# Your task
Write out exactly the lines of the entries below from the one holding "Ford Transit Custom" to the one holding "Building Photo - 601 Meloney Dr", inclusive, and leave out all other lines.

Data extracted from a collection
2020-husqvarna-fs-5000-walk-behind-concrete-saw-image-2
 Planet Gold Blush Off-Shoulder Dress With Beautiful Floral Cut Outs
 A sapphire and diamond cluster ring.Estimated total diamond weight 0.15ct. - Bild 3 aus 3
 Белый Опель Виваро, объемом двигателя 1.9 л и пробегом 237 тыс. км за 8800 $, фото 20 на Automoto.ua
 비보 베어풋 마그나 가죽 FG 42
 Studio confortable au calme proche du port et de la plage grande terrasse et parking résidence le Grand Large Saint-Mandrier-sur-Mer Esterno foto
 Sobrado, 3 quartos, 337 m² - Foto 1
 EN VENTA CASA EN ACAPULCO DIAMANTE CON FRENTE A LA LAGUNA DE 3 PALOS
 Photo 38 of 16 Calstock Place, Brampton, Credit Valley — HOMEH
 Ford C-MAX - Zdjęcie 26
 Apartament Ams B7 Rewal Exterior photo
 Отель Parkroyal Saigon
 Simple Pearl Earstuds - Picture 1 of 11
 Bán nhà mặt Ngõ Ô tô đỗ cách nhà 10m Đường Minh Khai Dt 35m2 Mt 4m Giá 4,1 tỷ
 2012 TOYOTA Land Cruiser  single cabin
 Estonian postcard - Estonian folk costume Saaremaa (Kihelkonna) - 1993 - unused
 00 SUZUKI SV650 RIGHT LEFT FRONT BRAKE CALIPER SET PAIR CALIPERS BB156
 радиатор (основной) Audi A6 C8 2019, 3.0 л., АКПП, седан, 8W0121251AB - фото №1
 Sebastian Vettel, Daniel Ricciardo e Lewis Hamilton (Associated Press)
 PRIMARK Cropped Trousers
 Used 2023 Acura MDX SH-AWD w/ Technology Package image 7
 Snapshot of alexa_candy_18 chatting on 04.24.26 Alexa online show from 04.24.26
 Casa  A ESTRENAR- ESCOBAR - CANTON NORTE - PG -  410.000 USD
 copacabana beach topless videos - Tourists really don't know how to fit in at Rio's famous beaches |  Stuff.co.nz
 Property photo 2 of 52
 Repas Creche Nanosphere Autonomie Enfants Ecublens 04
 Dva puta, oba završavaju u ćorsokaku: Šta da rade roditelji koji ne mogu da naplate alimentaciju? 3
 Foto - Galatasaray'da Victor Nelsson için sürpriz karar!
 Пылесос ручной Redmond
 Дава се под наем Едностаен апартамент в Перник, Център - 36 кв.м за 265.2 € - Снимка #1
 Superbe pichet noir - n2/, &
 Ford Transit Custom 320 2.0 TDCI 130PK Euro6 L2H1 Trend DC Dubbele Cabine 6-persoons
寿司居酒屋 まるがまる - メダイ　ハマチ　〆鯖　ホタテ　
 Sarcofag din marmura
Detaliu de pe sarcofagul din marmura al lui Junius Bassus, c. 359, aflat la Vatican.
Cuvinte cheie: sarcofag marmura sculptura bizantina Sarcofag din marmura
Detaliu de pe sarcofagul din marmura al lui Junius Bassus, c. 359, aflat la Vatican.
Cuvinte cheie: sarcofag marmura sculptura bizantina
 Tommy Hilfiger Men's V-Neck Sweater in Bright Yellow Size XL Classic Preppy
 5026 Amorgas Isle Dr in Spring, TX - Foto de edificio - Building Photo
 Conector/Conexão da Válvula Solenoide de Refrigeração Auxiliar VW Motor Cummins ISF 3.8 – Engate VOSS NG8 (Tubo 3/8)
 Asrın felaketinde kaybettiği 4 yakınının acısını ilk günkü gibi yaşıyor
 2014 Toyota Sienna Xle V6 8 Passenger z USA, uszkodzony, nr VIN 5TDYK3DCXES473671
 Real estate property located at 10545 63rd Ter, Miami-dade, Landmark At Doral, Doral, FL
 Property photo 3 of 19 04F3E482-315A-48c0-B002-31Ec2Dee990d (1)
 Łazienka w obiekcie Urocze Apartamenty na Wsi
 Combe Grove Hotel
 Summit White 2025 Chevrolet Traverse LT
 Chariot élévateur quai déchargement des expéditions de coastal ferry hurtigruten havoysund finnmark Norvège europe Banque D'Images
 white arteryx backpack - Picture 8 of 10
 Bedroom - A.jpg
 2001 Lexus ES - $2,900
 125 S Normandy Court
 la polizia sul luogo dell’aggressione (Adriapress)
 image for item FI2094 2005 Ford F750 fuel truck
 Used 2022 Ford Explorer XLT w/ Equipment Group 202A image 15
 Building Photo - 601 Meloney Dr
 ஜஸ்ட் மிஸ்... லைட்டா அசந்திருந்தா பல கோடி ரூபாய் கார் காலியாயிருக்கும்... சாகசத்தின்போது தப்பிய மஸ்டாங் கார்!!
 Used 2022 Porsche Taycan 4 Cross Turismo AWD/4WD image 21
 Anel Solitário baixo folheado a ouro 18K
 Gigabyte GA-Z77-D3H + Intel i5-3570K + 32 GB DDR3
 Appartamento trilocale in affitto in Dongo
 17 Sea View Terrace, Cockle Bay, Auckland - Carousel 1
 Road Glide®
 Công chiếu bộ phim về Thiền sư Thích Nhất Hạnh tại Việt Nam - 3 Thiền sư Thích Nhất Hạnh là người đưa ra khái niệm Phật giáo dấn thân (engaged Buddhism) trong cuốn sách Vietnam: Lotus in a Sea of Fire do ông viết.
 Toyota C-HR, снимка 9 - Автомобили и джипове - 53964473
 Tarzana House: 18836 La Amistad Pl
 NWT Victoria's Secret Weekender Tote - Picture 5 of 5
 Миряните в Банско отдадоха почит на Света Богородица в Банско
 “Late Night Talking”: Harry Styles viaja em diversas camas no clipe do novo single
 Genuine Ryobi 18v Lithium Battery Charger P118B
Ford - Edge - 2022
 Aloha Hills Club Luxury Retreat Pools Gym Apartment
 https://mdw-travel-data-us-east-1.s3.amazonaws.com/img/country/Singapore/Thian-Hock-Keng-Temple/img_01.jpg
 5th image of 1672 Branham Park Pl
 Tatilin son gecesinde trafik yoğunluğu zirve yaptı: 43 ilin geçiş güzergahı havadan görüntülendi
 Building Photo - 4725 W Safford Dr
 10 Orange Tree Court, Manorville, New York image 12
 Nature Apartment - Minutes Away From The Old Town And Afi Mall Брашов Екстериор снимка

# Finished task
 Ford Transit Custom 320 2.0 TDCI 130PK Euro6 L2H1 Trend DC Dubbele Cabine 6-persoons
寿司居酒屋 まるがまる - メダイ　ハマチ　〆鯖　ホタテ　
 Sarcofag din marmura
Detaliu de pe sarcofagul din marmura al lui Junius Bassus, c. 359, aflat la Vatican.
Cuvinte cheie: sarcofag marmura sculptura bizantina Sarcofag din marmura
Detaliu de pe sarcofagul din marmura al lui Junius Bassus, c. 359, aflat la Vatican.
Cuvinte cheie: sarcofag marmura sculptura bizantina
 Tommy Hilfiger Men's V-Neck Sweater in Bright Yellow Size XL Classic Preppy
 5026 Amorgas Isle Dr in Spring, TX - Foto de edificio - Building Photo
 Conector/Conexão da Válvula Solenoide de Refrigeração Auxiliar VW Motor Cummins ISF 3.8 – Engate VOSS NG8 (Tubo 3/8)
 Asrın felaketinde kaybettiği 4 yakınının acısını ilk günkü gibi yaşıyor
 2014 Toyota Sienna Xle V6 8 Passenger z USA, uszkodzony, nr VIN 5TDYK3DCXES473671
 Real estate property located at 10545 63rd Ter, Miami-dade, Landmark At Doral, Doral, FL
 Property photo 3 of 19 04F3E482-315A-48c0-B002-31Ec2Dee990d (1)
 Łazienka w obiekcie Urocze Apartamenty na Wsi
 Combe Grove Hotel
 Summit White 2025 Chevrolet Traverse LT
 Chariot élévateur quai déchargement des expéditions de coastal ferry hurtigruten havoysund finnmark Norvège europe Banque D'Images
 white arteryx backpack - Picture 8 of 10
 Bedroom - A.jpg
 2001 Lexus ES - $2,900
 125 S Normandy Court
 la polizia sul luogo dell’aggressione (Adriapress)
 image for item FI2094 2005 Ford F750 fuel truck
 Used 2022 Ford Explorer XLT w/ Equipment Group 202A image 15
 Building Photo - 601 Meloney Dr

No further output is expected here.